A vector bundle on a complex manifold has Chern classes in de Rham cohomology. Chern-Weil theory shows that these classes vanish if the bundle admits a flat connection. The analog of a bundle with flat connection in positive characteristic algebraic geometry is an isocrystal in the sense of Grothendieck. In my talk, I will recall what these objects are, and then explain why their Chern classes vanish. The key tool is algebraic K-theory. This is a report on joint work with Jacob Lurie.

Wei Ho
Revisiting the Hessian

The Hessian of a plane cubic curve is classically described using partial derivatives or polars. In this talk, we explore another construction of the cubic Hessian (and variants), and relate these constructions to maps between certain moduli spaces of genus one curves with extra structure.
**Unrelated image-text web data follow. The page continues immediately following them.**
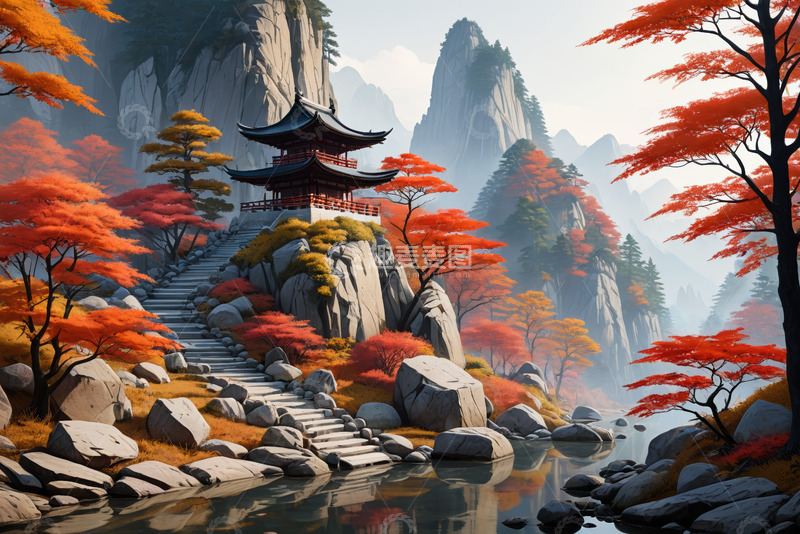 高清大图下载【趣麦麦图】秋景中式古亭山水风光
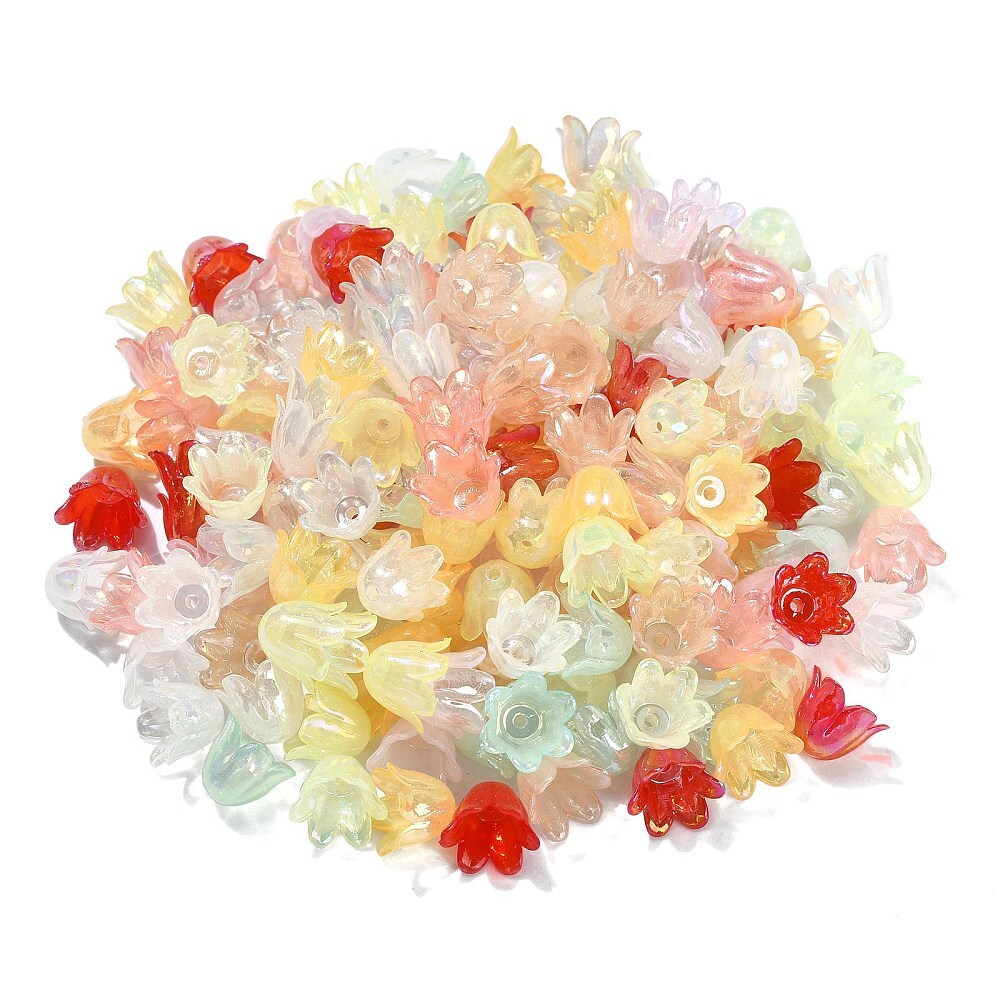 300x Acrylic Bead End Caps Flower Loose Beads Spacer for Jewelry Making DIY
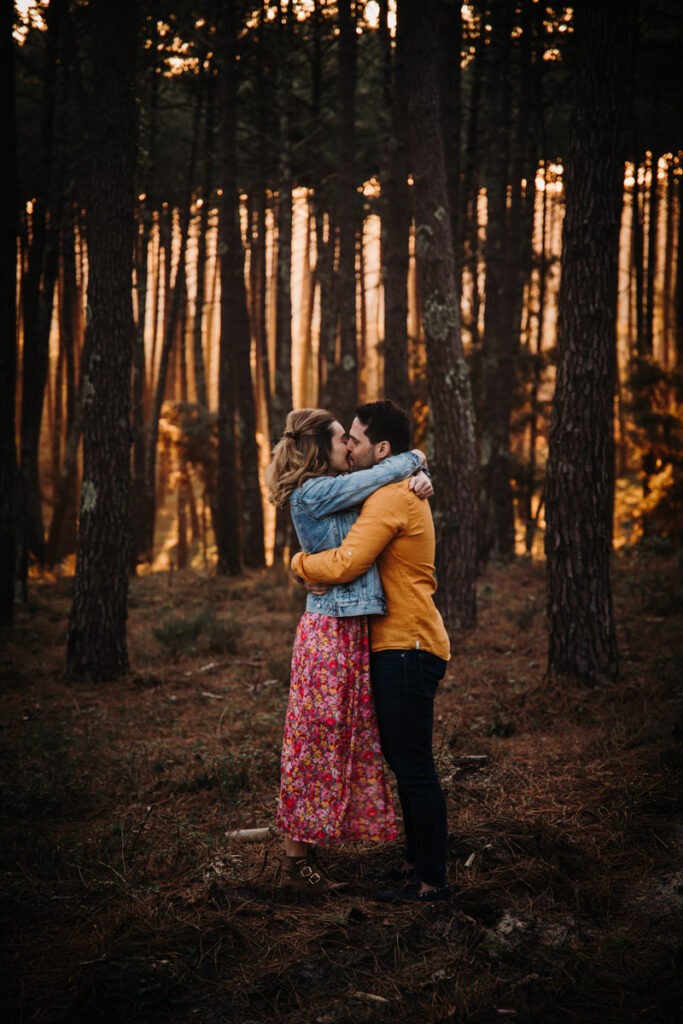 séance engagement au lever du soleil dans les landes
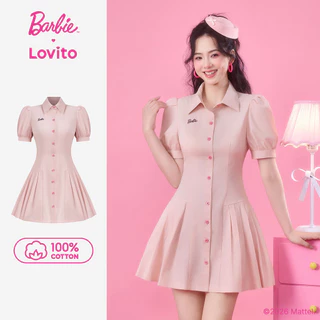 Barbie™ X Lovito แคชชวล เดรสปักลาย ผ้าฝ้าย 100% ติดกระดุม สีชมพู สำหรับผู้หญิง ฤดูใบไม้ผลิ/ฤดูร้อน เกาหลี อินเทรนด์ LB1AD025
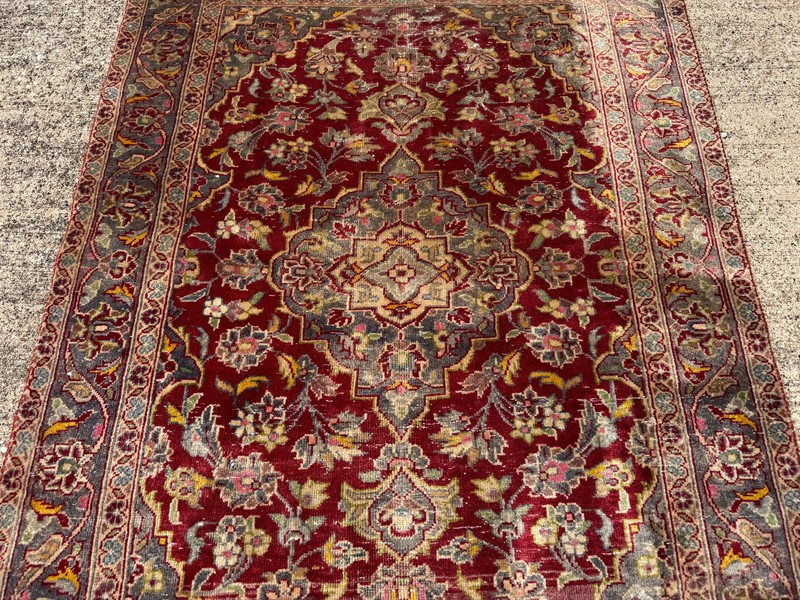 3x5 ANTIQUE ORIENTAL RUG old worn handmade hand-knotted red blue vintage fine ft gallery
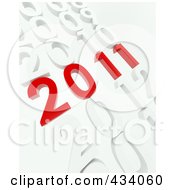 Royalty Free RF Clipart Illustration Of A 3d Red 2011 In Rows Of Other Years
We will explain how input from number theory and dynamics also helps to understand such classical objects.

Katrina Honigs
Fourier-Mukai partners of Enriques and bielliptic surfaces in positive characteristic

There are many results characterizing when derived categories of two complex surfaces are equivalent, including theorems of Bridgeland and Maciocia showing that derived equivalent Enriques or bielliptic surfaces must be isomorphic and a theorem of Sosna that a K3 canonically covering an Enriques is not derived equivalent to any varieties other than itself, and that an abelian surface canonically covering a biellptic surface is derived equivalent only to itself and its dual. The proofs of these theorems strongly use Torelli theorems and lattice-theoretic methods which are not available in positive characteristic. In this talk I will discuss how to prove these results over algebraically closed fields of positive characteristic (excluding some low characteristic cases). This work is joint with M. Lieblich, L. Lombardi and S. Tirabassi.

Michael Kemeny
The Prym-Green conjecture for curves of odd genus

A paracanonical curve is a curve together with a torsion bundle of fixed level. The moduli space of such objects is very interesting from several points of view, such as its relationship to Abelian varieties. I will give a complete description of the Betti numbers associated to the homogeneous coordinate ring of such a curve, provided the genus is odd. This is joint work with Gavril Farkas.

Davesh Maulik
Gopakumar-Vafa invariants via vanishing cycles

Given a Calabi-Yau threefold X, one can count curves on X using various approaches, for example using stable maps or ideal sheaves; for any curve class on X, this produces an infinite sequence of invariants, indexed by extra discrete data (e.g. by the domain genus of a stable map). Conjecturally, however, this sequence is determined by only a finite number of integer invariants, known as Gopakumar-Vafa invariants. In this talk, I will propose a direct definition of these invariants via sheaves of vanishing cycles, building on earlier approaches of Kiem-Li and Hosono-Saito-Takahashi. Conjecturally, these should agree with the invariants as defined by stable maps. I will also explain how to prove the conjectural correspondence in various cases. This is joint work with Yukinobu Toda.

Dulip Piyaratne
Stability manifold under Fourier-Mukai transforms on an abelian threefold

The notion of Fourier-Mukai transform for abelian varieties was introduced by Mukai in early 1980s. Since then Fourier-Mukai theory turned out to be extremely successful in studying stable sheaves and complexes of them, and also their moduli spaces. I will discuss how the Fourier-Mukai techniques are useful to construct Bridgeland stability conditions on any abelian threefold, and also to study the corresponding stability manifold.